Lakes380 is a five-year paleolimnology research programme that is collecting and analysing lake sediments and water samples, as well as conducting interviews and field visits, to enrich understanding of the environmental, social and cultural histories of about 10% of New Zealand’s 3800 lakes (greater than 1 hectare).

Lakes380 will provide information on the pre-human and post-human condition of New Zealand’s lakes, as well as providing new information how lakes have changed with shifts in climate. The research program is led jointly by the New Zealand organisations, Cawthron Institute and GNS Science.

PhD candidate Gebiaw Ayele is contributing to the Lakes380 program by helping to develop new ways of understanding historical environmental changes using hydrological and lake models, under his supervisor Professor David Hamilton, who has been involved in the Lakes380 program since its outset.

“I’m hoping to develop better predictions for the hydrological impacts of climate change using the last 2,000 years of sedimentation dynamics and climate for selected lakes, together with a chain of models that connect climate, catchment and lake dynamics.”

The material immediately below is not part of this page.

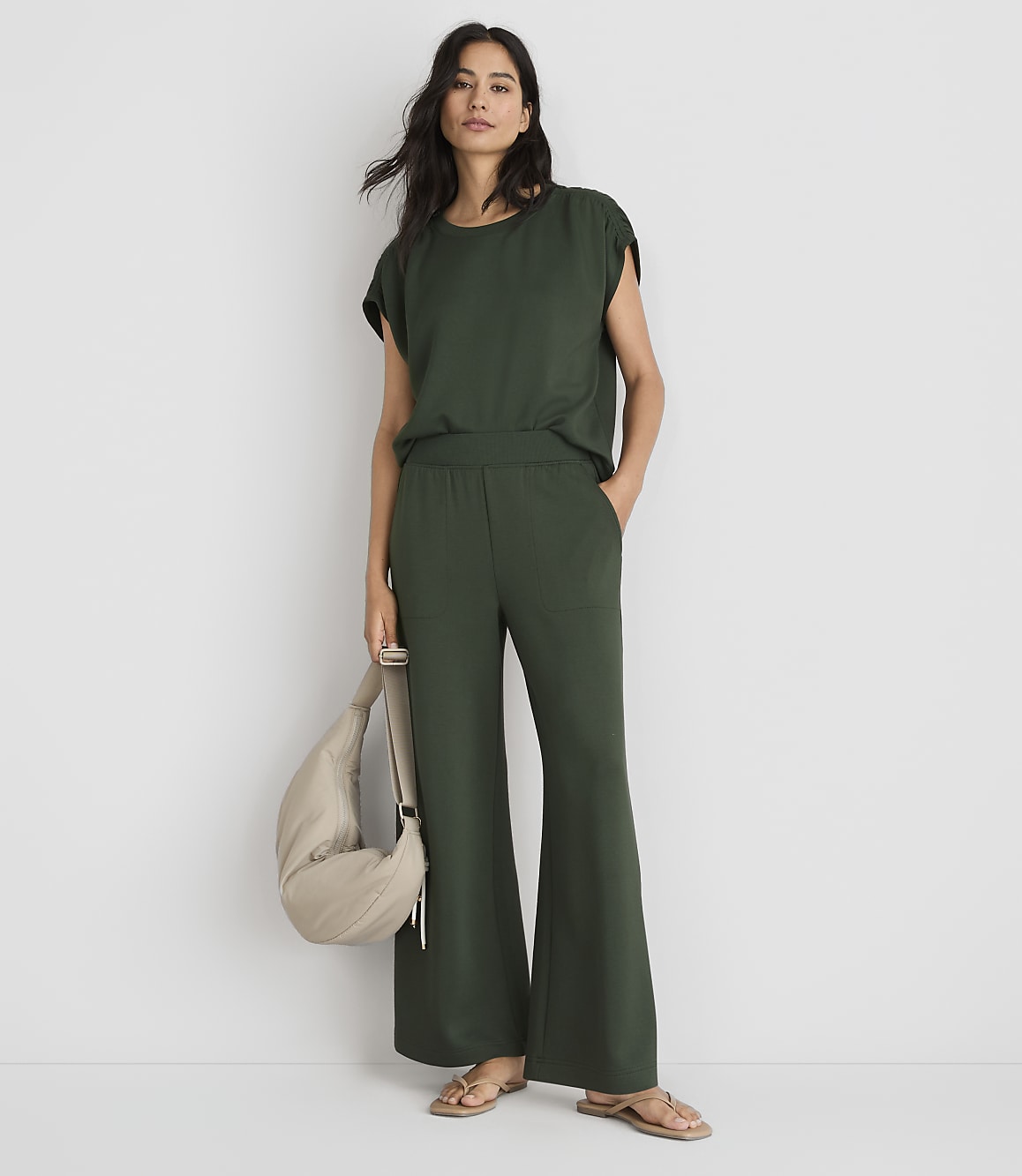 A woman in a green top and wide-leg pants stands against a plain white background, holding a beige bag.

The sediment cores collected as part of the Lakes380 program will be used to validate the output from this chain of models. Ultimately, his PhD will: (1) assess human impacts on selected lakes associated with land cover changes (e.g., forest clearance); (2) determine whether hydrological models are suitable tools to reproduce paleolimnological records preserved in the sediment core; and (3) predict sedimentation rates over long time periods in a changing climate.